Speaker
Description
We have been supporting pkeys [1] on Linux for 10 years now, and they
are no longer specific to x86: arm64 and powerpc support them too.
Unfortunately, important gaps remain in the kernel-user ABI, making it
difficult to deploy pkeys robustly for key use-cases.
pkeys work in a fairly simple way: the user allocates a new pkey and
then assigns that pkey to a VMA. Access to that VMA is then restricted
by a user-controlled register, which defines RWX permissions for every
pkey. The restrictions apply to both user and kernel accesses (uaccess
and GUP).
Difficulties arise when the kernel interrupts a user thread and then
accesses its memory, or invokes a signal handler. In those cases, it is
unclear which pkeys authority the kernel should use, whether userspace
should be able to configure it, and how to avoid spurious crashes or
confused deputy situations. This is what the current ABI is lacking.
This BoF is especially intended for arch/mm maintainers, libc/runtime
developers, and userspace developers already familiar with pkeys or
deploying pkey-based isolation. The goal is not to present a finished
design, but to agree on the programming model that future ABI work
should follow.
A few important use-cases are currently difficult or impossible to
implement robustly:
-
Isolating the alternate signal stack: mapping it with a non-default
pkey that only signal handlers are allowed to access. -
Sandboxing with pkeys: preventing some context from accessing
even the default pkey (0).
Problematic situations include:
-
Signal delivery [2]: signal handlers may be called asynchronously and
are conceptually independent of the interrupted context.

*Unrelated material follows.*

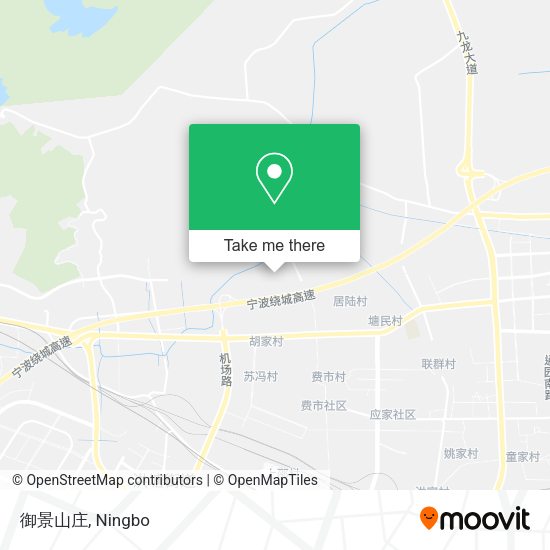 御景山庄 map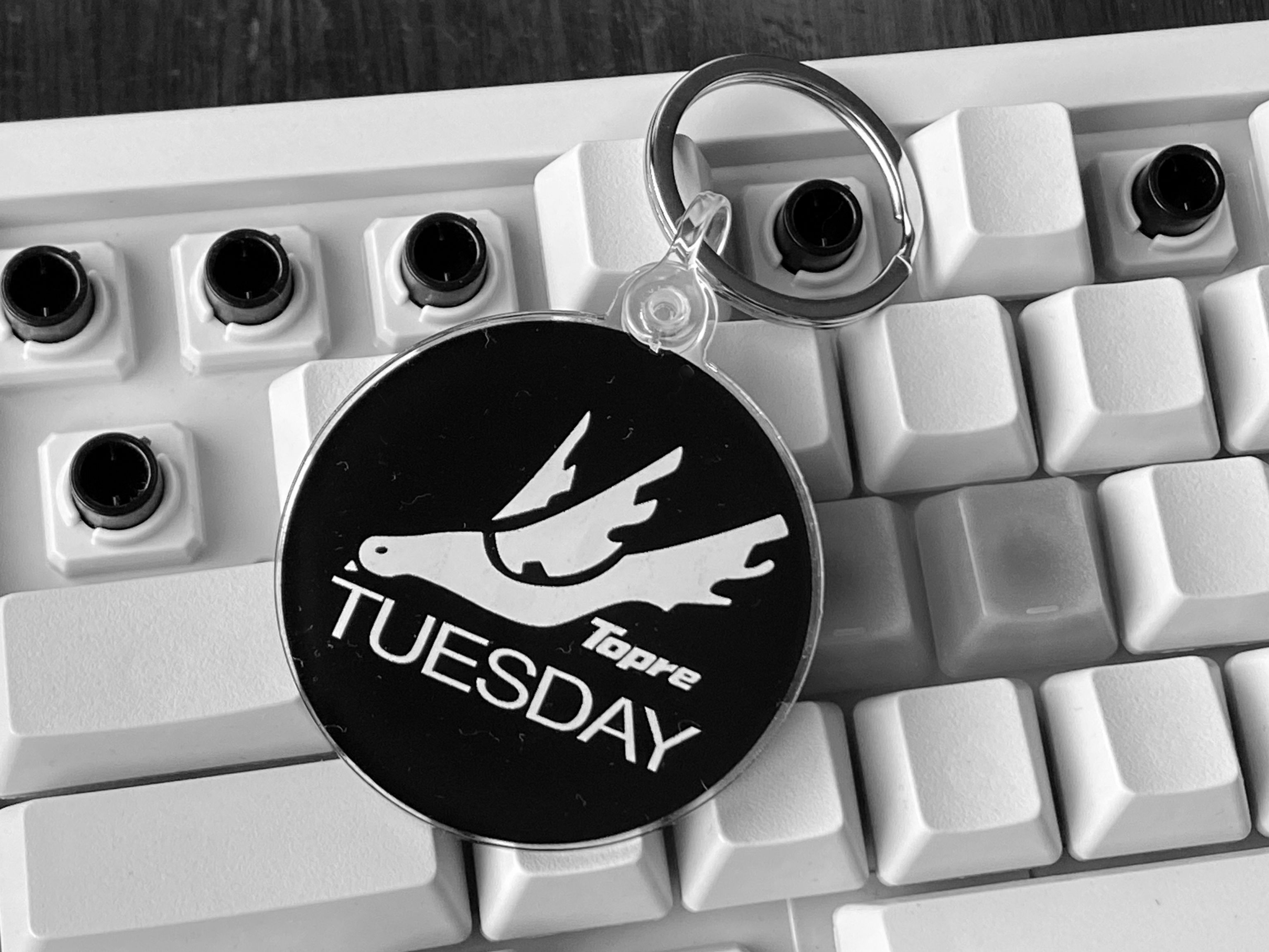Topre Tuesday Keychain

Userspace may need the pkey register to be reset to a specific value
both for writing the signal frame and invoking the signal handler. -
rseq [3]: the kernel writes to the registered struct rseq when context
switching, which can happen at any point. This is again independent of
the interrupted context, which may not be allowed to write to that
struct. -
io_uring worker threads: these are kernel threads that access user
memory asynchronously. They have their own pkey register value
restricting those accesses, but userspace is not currently able to
configure it. -
Other cases, such as BPF helpers accessing user memory and
process_vm_readv(self) bypassing pkeys completely.

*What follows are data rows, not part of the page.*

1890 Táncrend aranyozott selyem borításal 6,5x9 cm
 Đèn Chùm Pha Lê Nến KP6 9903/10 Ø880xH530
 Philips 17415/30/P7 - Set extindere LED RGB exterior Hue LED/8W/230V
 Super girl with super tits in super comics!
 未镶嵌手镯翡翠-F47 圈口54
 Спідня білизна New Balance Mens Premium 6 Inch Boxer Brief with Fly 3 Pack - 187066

All these issues lead to a set of questions that we need to answer to
create a consistent and unsurprising ABI:
-
Which contexts need a dedicated or userspace-configurable pkey
register value? -
Are there accesses that should intentionally bypass pkeys, and if so,
how should that be documented? -
Can these issues be handled with targeted fixes, or do we need a more
unified ABI design for asynchronous kernel access to pkey-protected
memory?
As Thomas Gleixner put it:
We really need to sit down and actually define a proper programming
model first instead of trying to duct tape the current ill defined
mess forever.
The intended outcome of this BoF is a shared direction for documenting
and extending the pkeys ABI, so that pkeys can be used reliably as
intra-process privilege boundaries rather than only as a best-effort
hardening mechanism.
[1] https://docs.kernel.org/core-api/protection-keys.html
[2] https://inbox.sourceware.org/libc-alpha/fc31e639-f1eb-42d6-9dea-3665d9507f12@arm.com/
[3] https://lore.kernel.org/all/87ikexhbah.ffs@tglx/